The pharmaceutical composition according to the present invention may further include a preservative, a stabilizer, a wetting agent, an emulsifier, a solubilizing agent, a sweetener, a colorant, an osmotic pressure regulator, an antioxidant, and the like, in addition to the carrier described above.

The pharmaceutical composition according to the present invention is administered in a pharmaceutically effective amount. In the present invention, "pharmaceutically effective amount" means an amount sufficient to treat a disease at a reasonable benefit/risk ratio applicable to medical treatment, and the effective dose level is the type, severity, and drug activity of the patient. , can be determined according to factors including sensitivity to drug, administration time, administration route and excretion rate, duration of treatment, concurrent drugs, and other factors well known in the medical field. The pharmaceutical composition according to the present invention may be administered as an individual therapeutic agent or may be administered in combination with other therapeutic agents, may be administered sequentially or simultaneously with conventional therapeutic agents, and may be administered single or multiple. In consideration of all of the above factors, it is important to administer an amount that can obtain the maximum effect with a minimum amount without side effects, which can be easily determined by those skilled in the art.

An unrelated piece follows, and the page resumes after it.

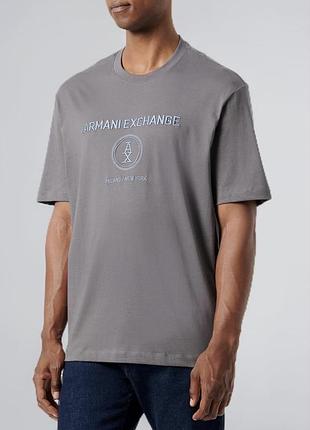 Нова футболка armani exchange m regular+ stacked logo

The composition of the present invention may be used together with a pharmaceutical composition for treatment of inflammatory diseases, such as immunotherapy, chemotherapy and radiation therapy, and other inflammatory diseases, which can be recognized by those skilled in the art as being effective in the prevention or treatment of inflammatory diseases. .

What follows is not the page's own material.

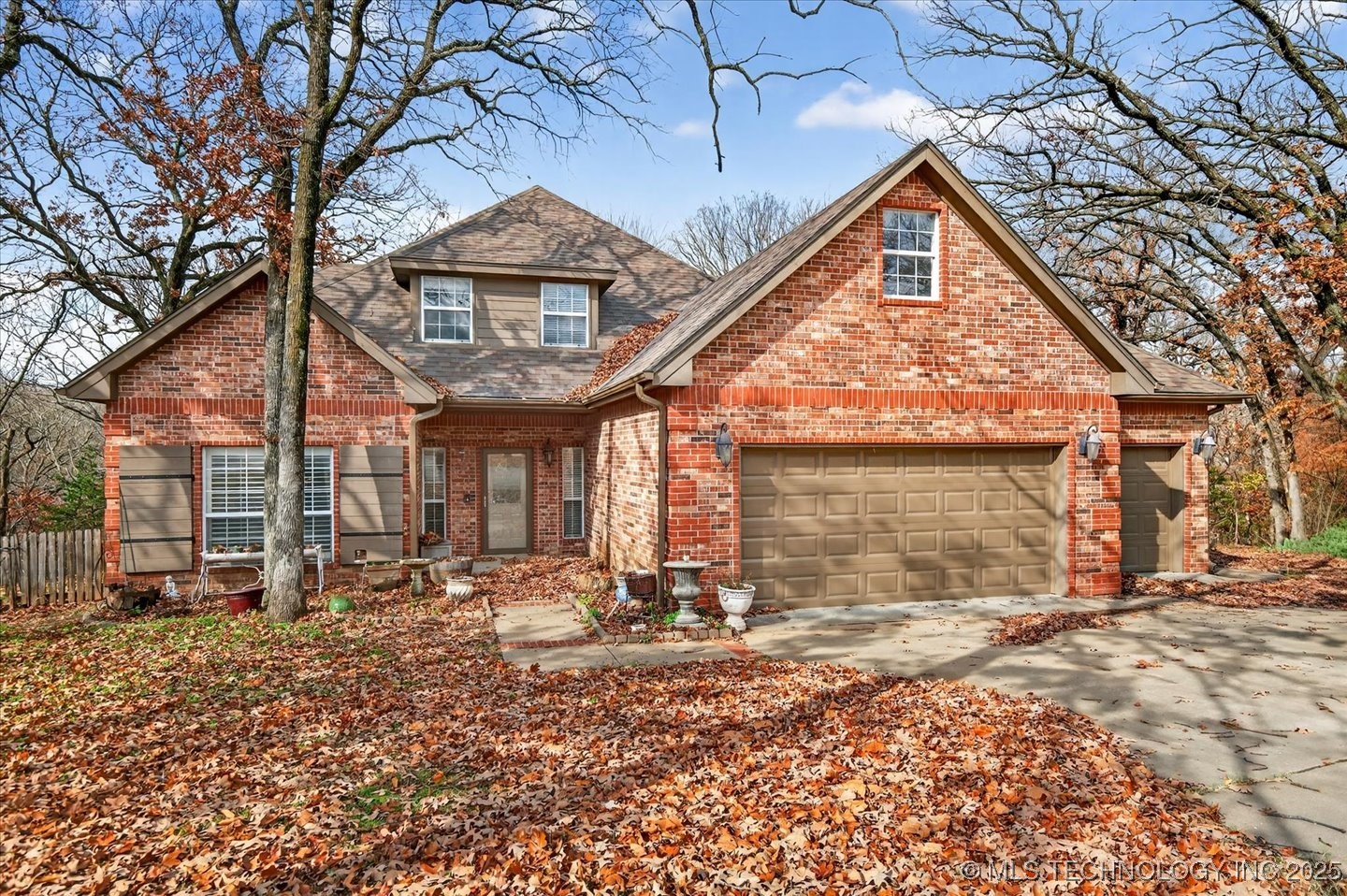 1417 Mission Court Property Photo 1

The pharmaceutical composition of the present invention may be administered to an individual by various routes. The mode of administration may be, for example, by subcutaneous, intravenous, intramuscular or intrauterine intrathecal or intracerebrovascular injection. The pharmaceutical composition of the present invention is determined according to the type of drug as an active ingredient, along with several related factors such as the disease to be treated, the route of administration, the age, sex and weight of the patient, and the severity of the disease.

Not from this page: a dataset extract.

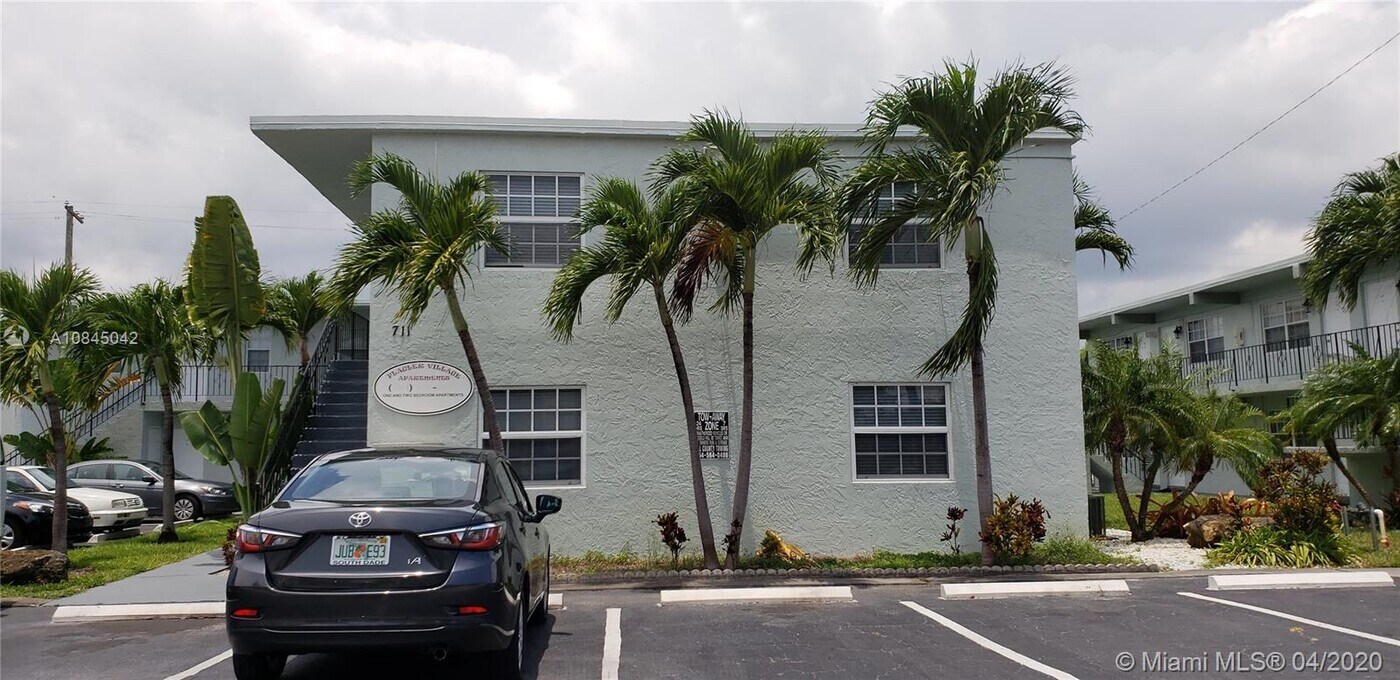711 NE 2nd Ave-Unit -201 in Fort Lauderdale, FL - Building Photo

In another aspect, the present invention relates to a food for preventing or improving inflammatory diseases comprising the Amandinea (Amandinea sp.) extract.

According to the present invention, the food product may be characterized as having one or more of the following characteristics:

1) inhibition of nitric oxide (NO) production;

2) inhibition of expression of IL-6, IL-1β, IL-10 and TNF-α;

4) inactivation of NF-κB (nuclear factor kappa B);

5) inhibition of expression of cytosolic p-IκB-α and nuclear factor p65; and

6) Inhibition of generation of reactive oxygen species (ROS).

In the present invention, the food may be characterized in that it contains the extract at a concentration of 10 µg/mL to 80 µg/mL, and preferably contains the extract at a concentration of 25 µg/mL to 50 µg/mL.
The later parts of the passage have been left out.